Prompt
Restate the listing word for word; omit the images.

Material provided
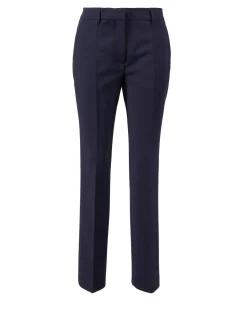 Wollhose 'Francisco' Marineblau
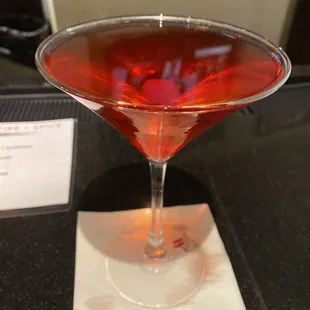 pomegranate martini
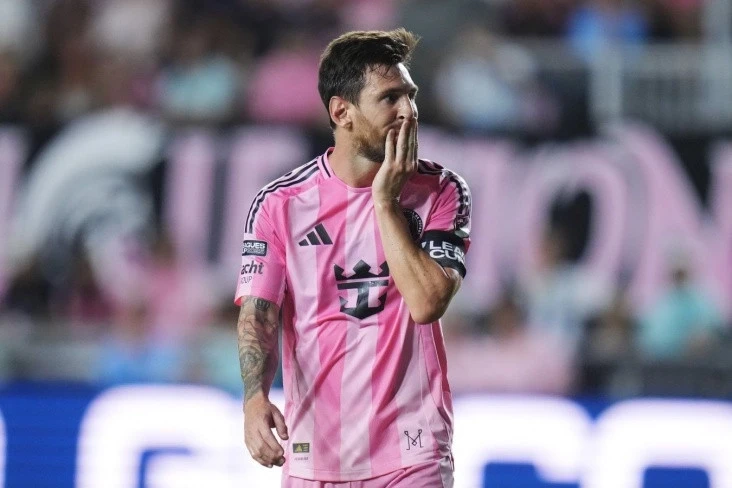 Messi'nin Inter Miamisinin Galibiyet Serisi Toronto Maçıyla Sona Erdi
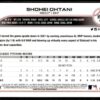 2022 Topps Holiday Los Angeles Angels #HW100 Shohei Ohtani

Exercise response
 Wollhose 'Francisco' Marineblau
 pomegranate martini
 Messi'nin Inter Miamisinin Galibiyet Serisi Toronto Maçıyla Sona Erdi
 2022 Topps Holiday Los Angeles Angels #HW100 Shohei Ohtani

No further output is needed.